STILL SMILING AT ME AFTER 56 YEARS, IDAHO ROAD TRIP

This Week, “Her Face”, Chapter 40 of 92 of “Inside and Outside” (totally in love with that smile.)

Next Week, “ Deep Snow”, Chapter 41 of 92 of “Inside and Outside” (walking in his tracks requires less effort). 

By early 2019, I will have finished posting all chapters (1 through 92) of “Inside and Outside”. I would appreciate your comments and suggestions for future projects. You can reach me and comment on my BLOG or on my Facebook page at Dick Sederquist Author.

Update:

In high school, I was love struck by a particular young lady who passed me regularly in the halls. She was petite in all her features, had long blond hair, and a beautiful wistful expression. Every time she passed, I felt myself going into cardiac arrest. I wanted so much to say something to her, but out of shyness, was paralyzed in the vocal cords. My fear was that I didn’t know which way her expression would turn if I spoke. Would it be a smile of approval, or a frown of disapproval? I never found out. I suffered for three years, kicking myself over and over for my fear of rejection. I’ve long forgotten her name, but not her face.

Several years ago, an article in Time Magazine addressed shyness in children. Some children have difficulty in identifying human facial expressions, particularly those fleeting ones that give visual clues as to the intentions of the person behind the face. The shy person holds back, not knowing whether they see a threat, approval or rejection. I would extend that analysis to the faces that show passivity or neutrality. The shy person may not want to find out whether they will turn into a smile or a snarl. Since the problem is totally in the hands, or the mind, of the shy person, they internalize their frustration and further retreat into indecision. Thank goodness for the occasional good soul who exudes smiles and encouragement and invites the shy one in.

Her Face

The first lady in my life was my mother. From her I learned what I appreciate and find special about the women in my life. This is dedicated to Hazel, Linda, Susan, Karen, Lauren, Kathi, Morgan, Nancy and thousands more, including those whose names I’ve forgotten or never even knew. 

As a teenager and young man, the conversation among my friends would eventually turn to the subject of what you find most attractive about women. I always suspected that the guy who said he was a leg-man wasn’t really telling the truth, just promoting himself above the wolf pack as more cultured and sophisticated. I kept silent, or just seconded another of my friends, unable to put in words that which I most revered.

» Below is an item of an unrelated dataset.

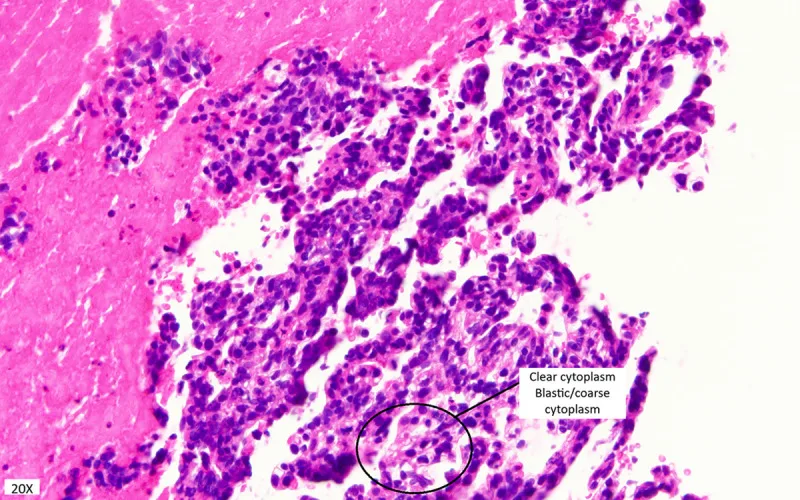 A patient, who was diagnosed with Stage IV Colorectal Adenocarcinoma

As a child, I would have a recurring nightmare of a white lady’s face hovering over me. Her look was ghostly serene, expressionless. Thinking back, I imagine she could have represented death, like the lady in white in the movie, All That Jazz, about Bob Fosse, the Broadway dancer and choreographer. Awakening from my nightmare, my mother would be there to comfort me with a smile, a look of reassurance, trusting, approving and comforting. One day, as I lay in my mother’s arms, she walked past the mantle over the fireplace. I screamed, “White lady!” Looking at me at eye level was a white flower vase with the relief of a woman’s face. Her eyes followed me, and had been following me, since

I was able to crawl into the living room. The vase quickly disappeared from our house. I have long forgotten how my mother looked to me at that tender age, but her expression, in that smile and her eyes, I remember and cherish. It’s the characteristic I look for, appreciate and find special about the women in my life.

In high school, I was love struck by a particular young lady who passed me regularly in the halls. She was petite in all her features, had long blond hair, and a beautiful wistful expression. Every time she passed, I felt myself going into cardiac arrest. I wanted so much to say something to her, but out of shyness, was paralyzed in the vocal cords. My fear was that I didn’t know which way her expression would turn if I spoke. Would it be a smile of approval, or a frown of disapproval? I never found out. I suffered for three years, kicking myself over and over for my fear of rejection. I’ve long forgotten her name, but not her face.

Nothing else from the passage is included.